Tomorrow morning, at a time you did not choose, the ACH withdrawal will attempt to process. It will fail. And then, on a timeline measured in hours rather than days, the contract you signed will begin to do the things it was written to do.
This is not the moment for planning. This is the moment for five specific actions, performed today, in this order.
Locate Your MCA Agreement and Read the Default Provisions
The agreement is in a file, or a drawer, or an email attachment you have not opened since the funds arrived. Find it. Read the section titled "Default" or "Events of Default." What you are looking for is the acceleration clause: the provision that converts the remaining balance into a single, immediate obligation upon a missed payment. Nine of the last twelve agreements we reviewed triggered acceleration on the first missed withdrawal. Not the third. The first.
You need to know what the contract says will happen tomorrow. Most business owners discover the terms of default after it has occurred. By then, the funder's legal machinery has already begun to move.
Call an Attorney Before You Call the Funder
The instinct is to call the funder and explain. This instinct, while human, is premature. The funder's representative has conducted this conversation hundreds of times.
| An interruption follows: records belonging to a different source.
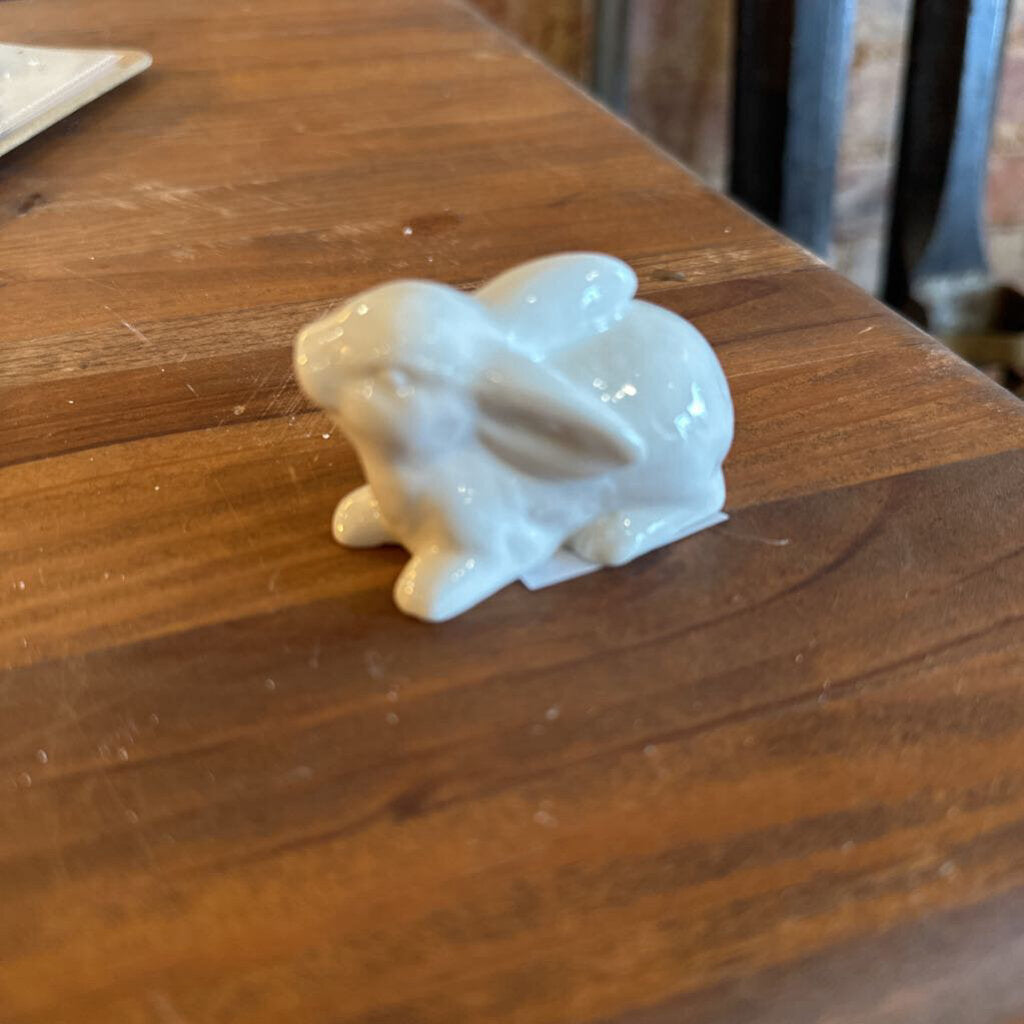 CERAMIC BUNNY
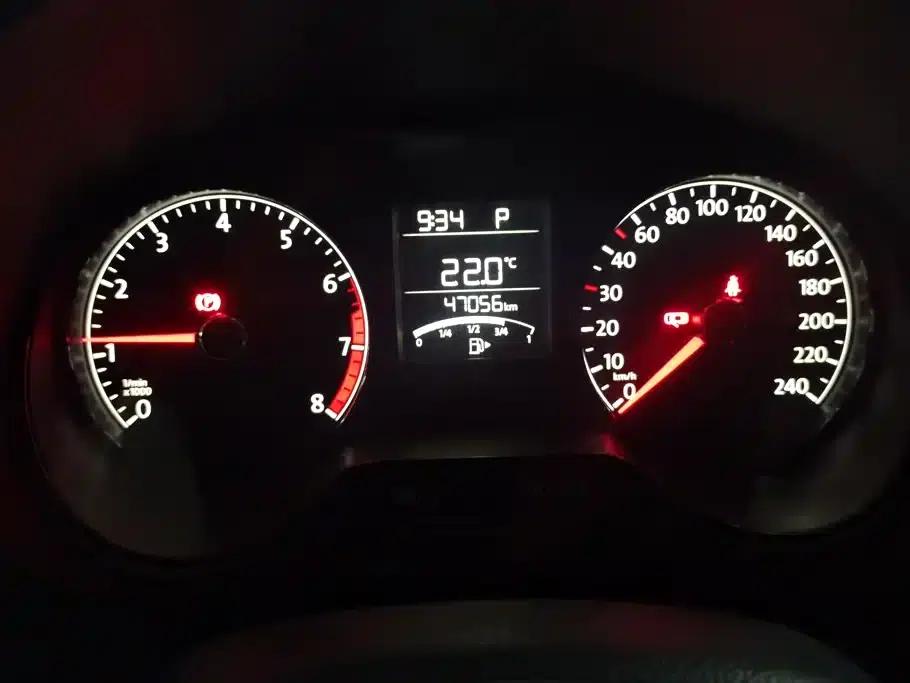2016 Polo 1.4L Automatic Fashion Edition — миниатюра 14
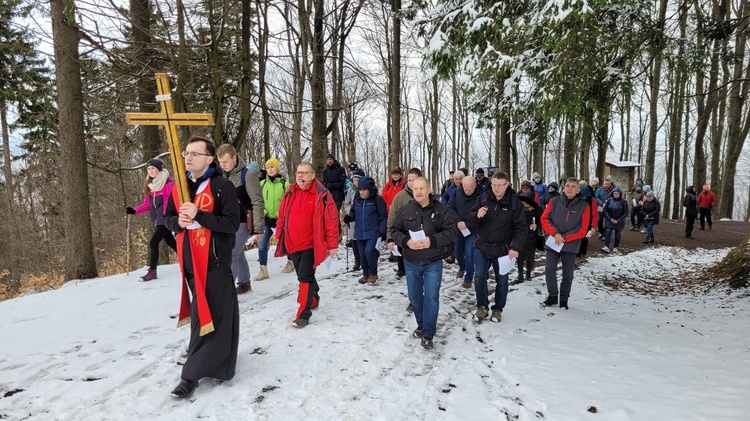 Dekanalna Droga Krzyżowa na Chełmiec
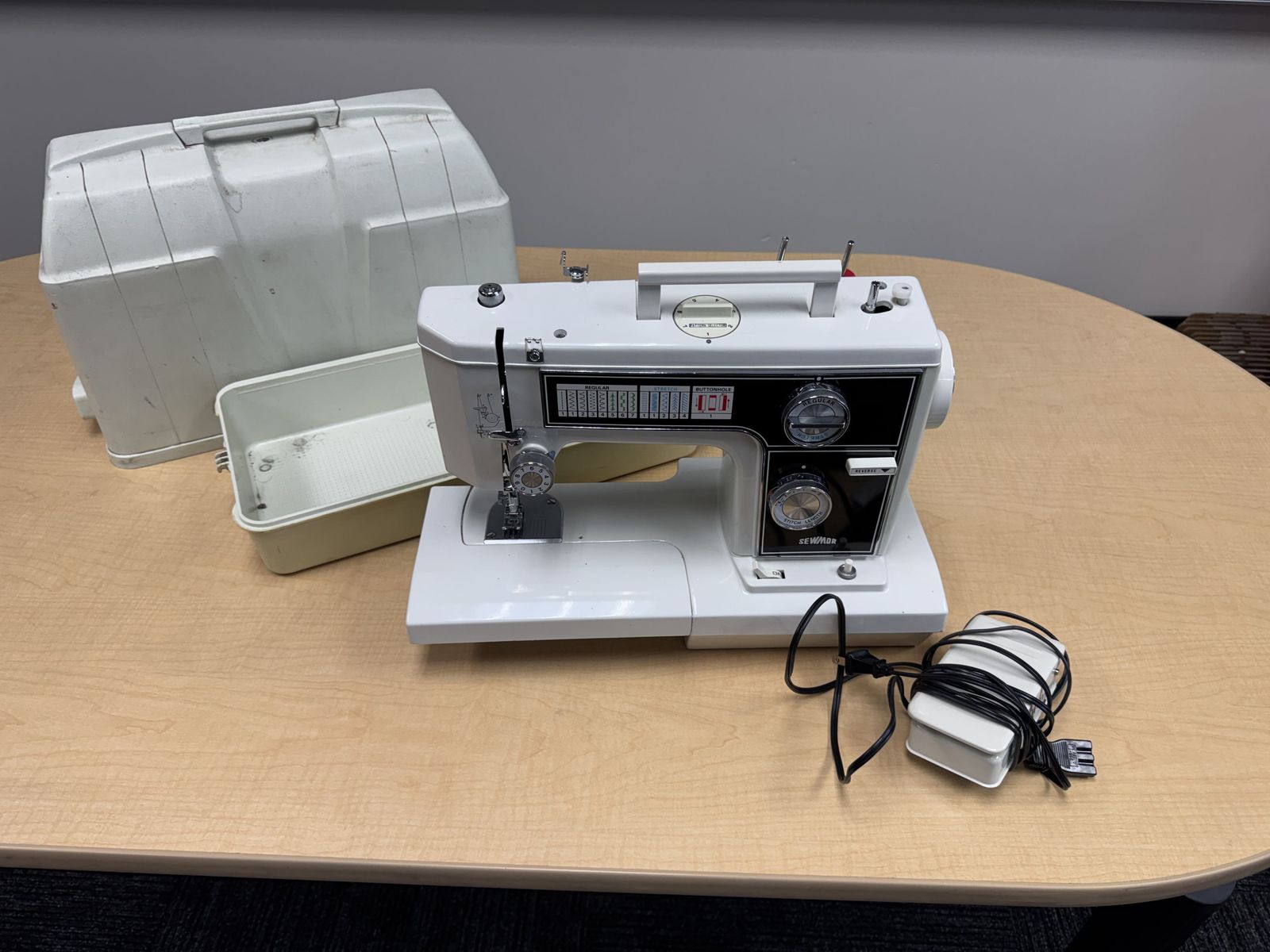 Sewing Machine - Sewmor FA6714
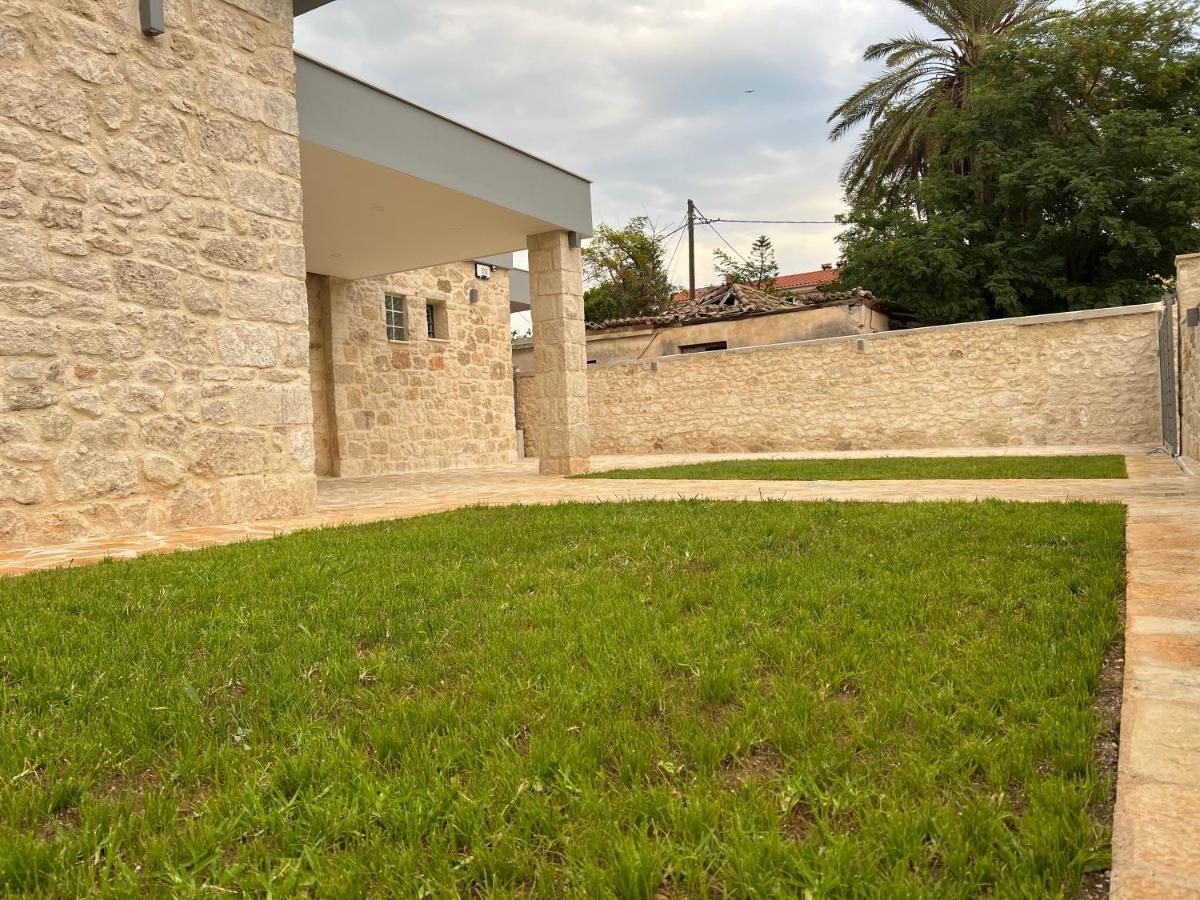 Ag.Stone.Home Isthmia Extérieur photo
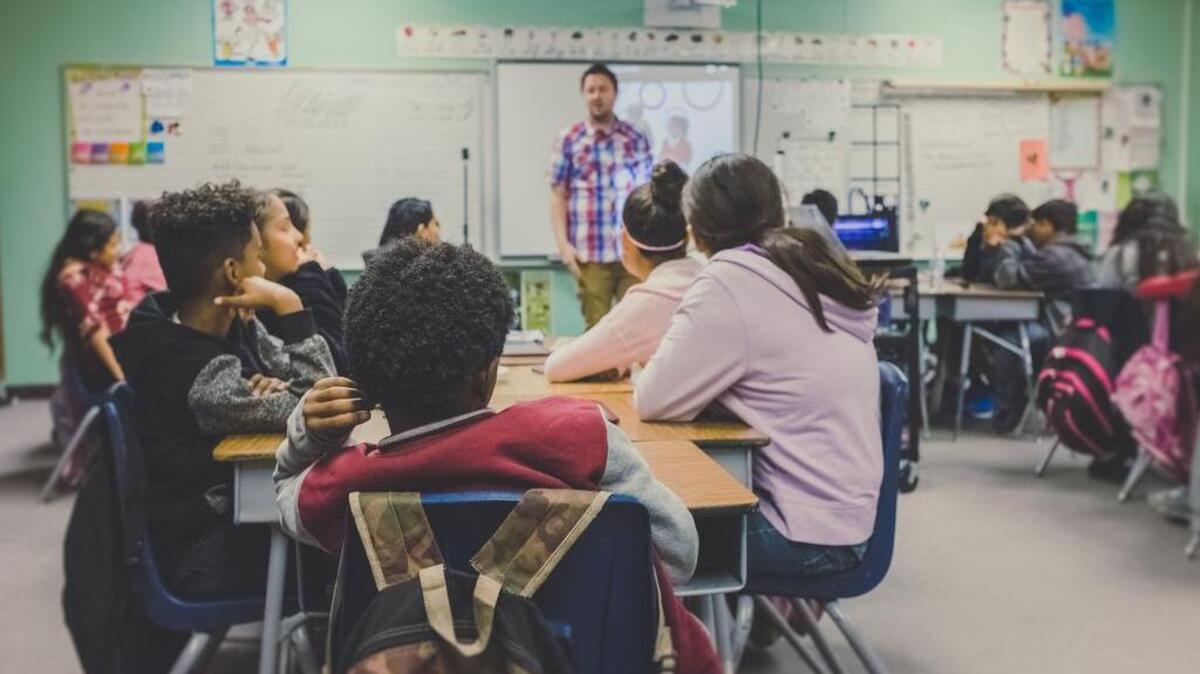 Las fundaciones Tigo e Ismael Cala estrenaran un programa de inteligencia emocional dirigido a niños y adolescentes en cinco institutos públicos de Ciudad de Guatemala.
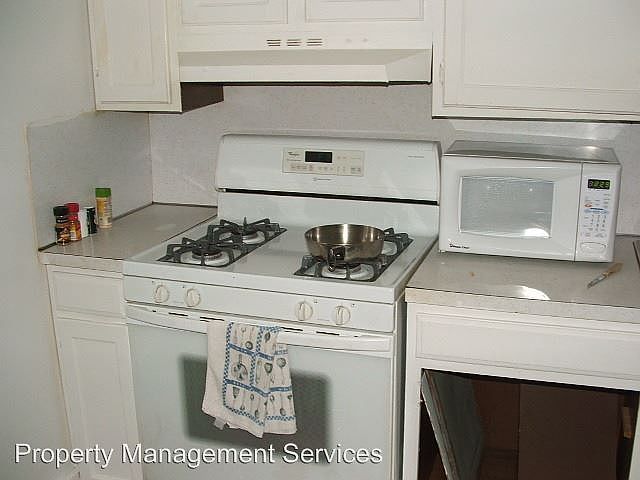 2nd image of 1600 1/2 S Main St
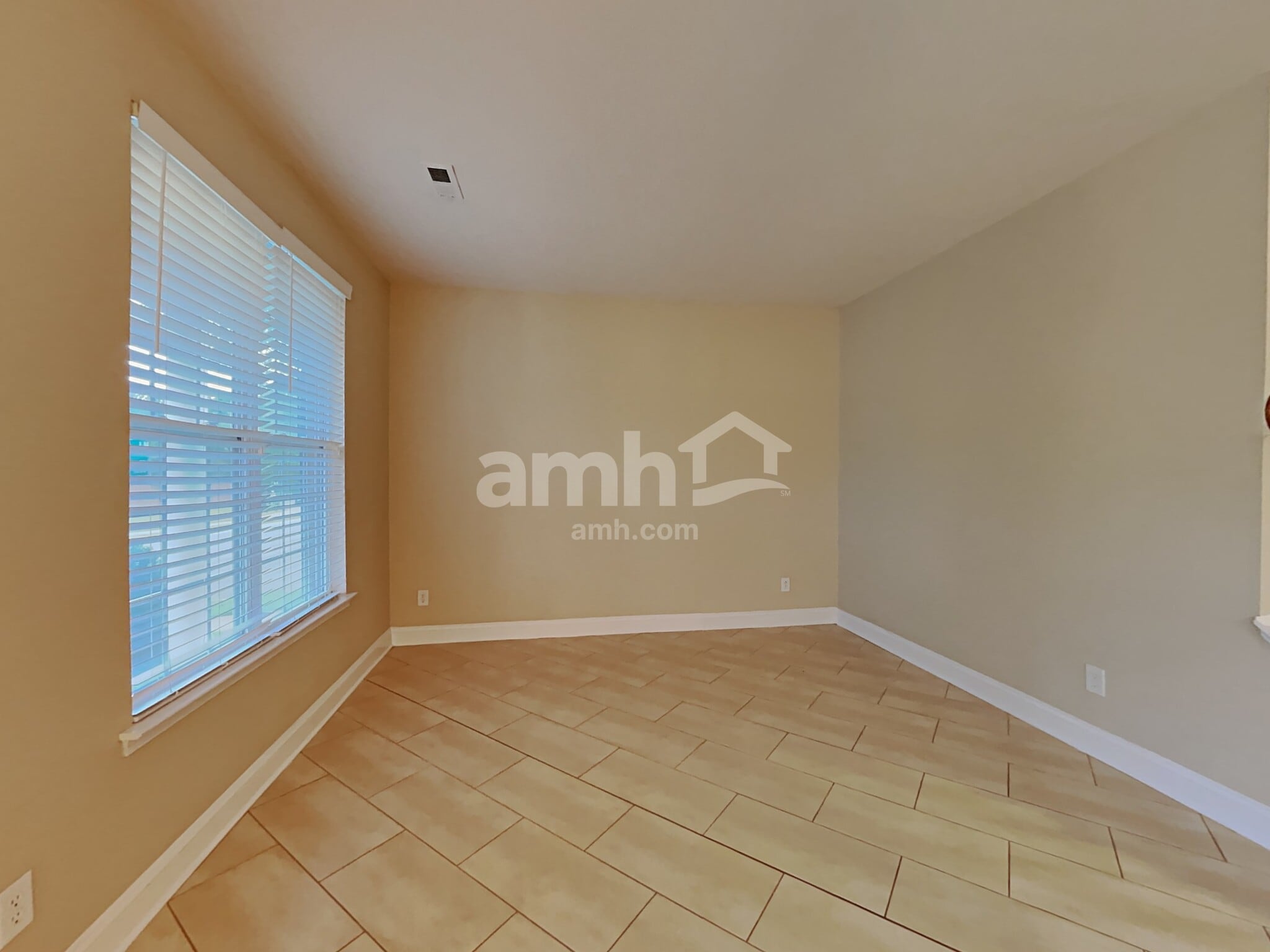 Building Photo - 9203 Greenheather Dr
You have conducted it never. Anything you say, any concession you make, any promise of payment you offer, becomes part of the record the funder will use if the matter escalates.
An attorney who practices MCA defense can advise you on what to say, what not to say, and what legal rights you possess before the first collection call arrives. The consultation takes less time than the funder's hold music.
The funder has an attorney. As of this morning, you do not.
Invoke Reconciliation in Writing
If your revenue has declined and your agreement contains a reconciliation clause (it does; virtually all of them do), send a formal written request for payment adjustment today. Not tomorrow. Not after the missed payment. Today. Before the default.